The most-traded September iron ore contract on China’s Dalian Commodity Exchange (DCE) ended daytime trade 1.11% lower to 891 yuan a metric ton after falling more than 2% on Tuesday.
The benchmark June iron ore on the Singapore Exchange was, however, 0.81% higher at $118.85 a ton.
“I am not that optimistic about iron ore, as the hot metal output is close to a ceiling while supply has hovered at a relatively high level,” said Chu Xinli, a Shanghai-based analyst at China Futures, adding that persistently rising portside stocks are further weighing on prices.

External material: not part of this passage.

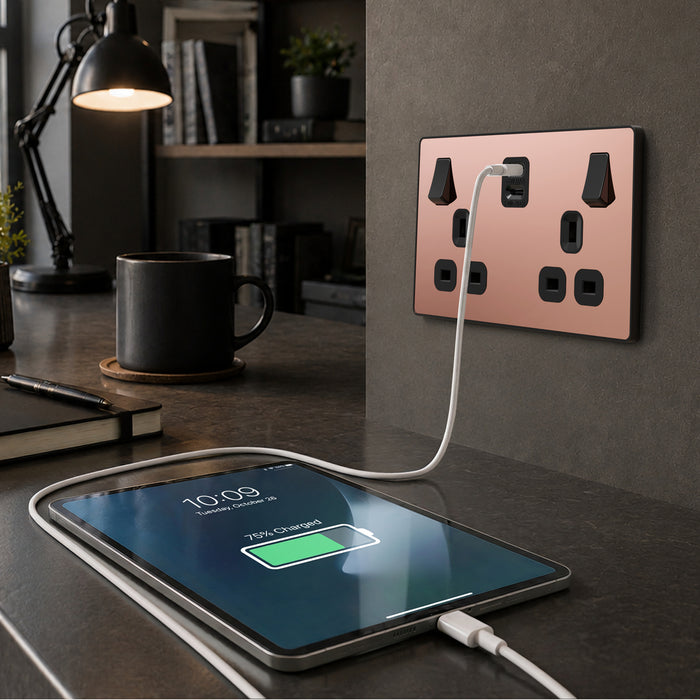 BG Evolve PCDCP22UCC65B 13A Double Switched Power Socket + 2xUSB-C (65W) - Polished Copper (Black)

The persistent price decline came even as China’s city of Shenzhen, a key technology and manufacturing hub, will lower the minimum down payment ratio required of first-time home buyers to 20%, while southern city Guangzhou will lower the ratio to 15%, local media reported on Tuesday.
The commercial hub Shanghai announced on Monday to lower the ratio for first home purchases to 20% and cut the ratio for second home purchases to 30% for suburban areas and to 35% for the rest of the city.
Other steelmaking ingredients on the DCE were mixed, with coking coal dropping 1.06% and coke edging up 0.38%.
Steel benchmarks on the Shanghai Futures Exchange were broadly down. Rebar dipped 0.4%, hot-rolled coil lost 0.21%, wire rod fell 0.67%and stainless steel shed 0.17%.
“Steel fundamentals turned weaker with rebar demand falling at a faster-than-expected pace while destocking of steel products slowed,” analysts at Yongan Futures said in a note.